Sharpe’s Havoc by Bernard Cornwell

„But your men followed you?”

„They did,” Vicente said warmly, „and Sergeant Macedo fought very bravely.”

„I think,” Sharpe said, „that despite being a bloody lawyer you’re a remarkable bloody soldier.”

„I am?” The young Portuguese sounded amazed, but Sharpe knew it must have taken a natural leader to bring men out of a tavern to ambush a party of dragoons.

‘So did all your philosophers and poets join the army?” Sharpe asked.

Vicente looked embarrassed. „Some joined the French, alas.”

„The French!”

The Lieutenant shrugged. „There is a belief, senhor, that the future of mankind is prophesied in French thought. In French ideas. In Portugal, I think, we are old-fashioned and in response many of us are inspired by the French philosophers. They reject the church and the old ways. They dislike the monarchy and despise unearned privilege. Their ideas are very exciting. You have read them?”

„No,” Sharpe said.

„But I love my country more than I love Monsieur Rousseau,” Vicente said sadly, „so I shall be a soldier before I am a poet.”

„Quite right,” Sharpe said, „best choose something useful to do with your life.” They crossed a small rise in the ground and Sharpe saw the river ahead and a small village beside it and he checked Vicente with an upraised hand. „Is that Barca d’Avintas?”

„It is,” Vicente said.

„God damn it,” Sharpe said bitterly, because the French were there already.

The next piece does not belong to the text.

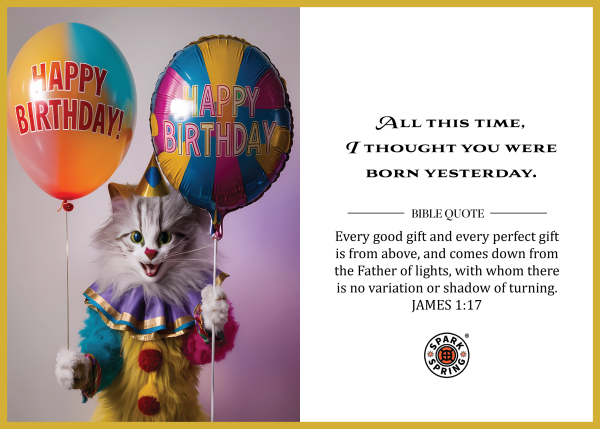 Christian-inspired Born Yesterday Happy Birthday Eco-Friendly Greeting Card (Virtual)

The river curled gently at the foot of some blue-tinged hills, and between Sharpe and the river were meadows, vineyards, the small village, a stream flowing to the river and the goddamned bloody French. More dragoons. The green-coated cavalrymen had dismounted and now strolled about the village as if they did not have a care in the world and Sharpe, dropping back behind some gorse bushes, waved his men down. „Sergeant! Skirmish order along the crest.” He left Harper to get on with deploying the rifles while he took out his telescope and stared at the enemy.

„What do I do?” Vicente asked.

„Just wait,” Sharpe said. He focused the glass, marveling at the clarity of its magnified image. He could see the buckle holes in the girth straps on the dragoons’ horses which were picketed in a small field just to the west of the village. He counted the horses. Forty-six. Maybe forty-eight. It was hard to tell because some of the beasts were bunched together. Call it fifty men. He edged the telescope left and saw smoke rising from beyond the village, maybe from the river bank. A small stone bridge crossed the stream which flowed from the north. He could see no villagers. Had they fled? He looked to the west, back down the road which led to Oporto, and he could see no more Frenchmen, which suggested the dragoons were a patrol sent to harry fugitives. „Pat!”

„Sir?” Harper came and crouched beside him.

„We can take these bastards.”

Harper borrowed Sharpe’s telescope and stared south for a good minute. „Forty of them? Fifty?”

„About that. Make sure our boys are loaded.” Sharpe left the telescope with Harper and scrambled back from the crest to find Vicente. „Call your men here. I want to talk to them. You’ll translate.” Sharpe waited till the thirty-seven Portuguese were assembled. Most looked uncomfortable, doubtless wondering why they were being commanded by a foreigner. „My name is Sharpe!” he told the blue-coated troops, „Lieutenant Sharpe, and I’ve been a soldier for sixteen years.” He waited for Vicente to interpret, then pointed at the youngest-looking Portuguese soldier, a lad who could not have been a day over seventeen and might well have been three years younger. „I was carrying a musket before you were born. And I mean carrying a musket. I was a soldier like you. I marched in the ranks.” Vicente, as he translated, gave Sharpe a surprised look. The rifleman ignored it. „I’ve fought in Flanders,” Sharpe went on, „I’ve fought in India, I’ve fought in Spain and I’ve fought in Portugal, and I’ve never lost a fight. Never.” The Portuguese had just been run out of the great northern redoubt in front of Oporto and that defeat was still sore, yet here was a man telling them he was invincible and some of them looked at the scar on his face and the hardness in his eyes and they believed him. „Now you and I are going to fight together,” Sharpe went on, „and that means we’re going to win. We’re going to run these damned Frenchmen out of Portugal!” Some of them smiled at that. „Don’t take any notice of what happened today. That wasn’t your fault. You were led by a bishop! What bloody use is a bishop to anyone? You might as well go into battle with a lawyer.” Vicente gave Sharpe a swift and reproving glance before translating the last sentence, but he must have done it correctly for the men grinned at Sharpe. „We’re going to run the bastards back to France,” Sharpe continued, „and for every Portuguese and Briton they kill we’re going to slaughter a score.” Some of the Portuguese thumped their musket butts on the ground in approbation. „But before we fight,” Sharpe went on, „you’d better know I have three rules and you had all better get used to those rules now. Because if you break these three rules then, God help me, I’ll goddamn break you.” Vicente sounded nervous as he interpreted the last few words.